__Problem__
When you reach the line with "CAPOTA VW T-ROC" in the records below, begin transcribing exactly and continue up to and including the line with "ASUS VY279HGR IPS GAMING MONITOR", leaving out every picture.

__Records supplied__
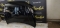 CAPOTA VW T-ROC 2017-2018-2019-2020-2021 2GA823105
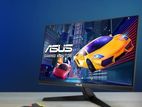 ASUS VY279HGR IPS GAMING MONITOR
...
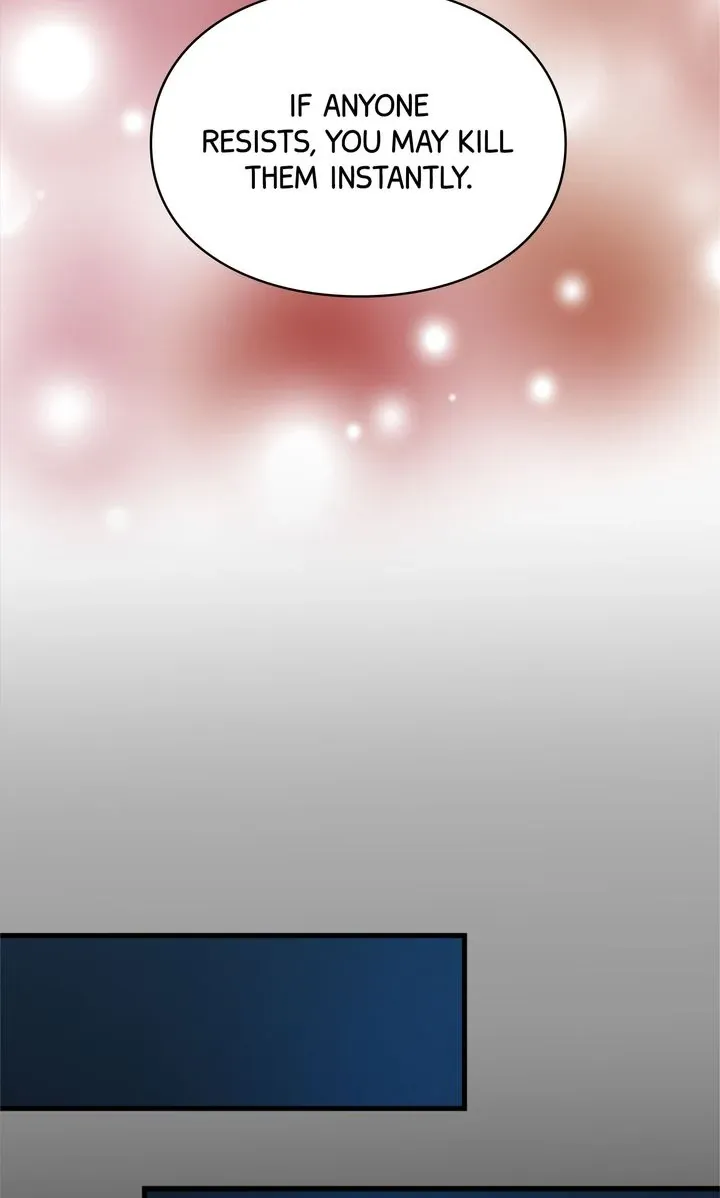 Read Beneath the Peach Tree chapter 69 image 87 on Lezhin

__Written solution__
 CAPOTA VW T-ROC 2017-2018-2019-2020-2021 2GA823105
 ASUS VY279HGR IPS GAMING MONITOR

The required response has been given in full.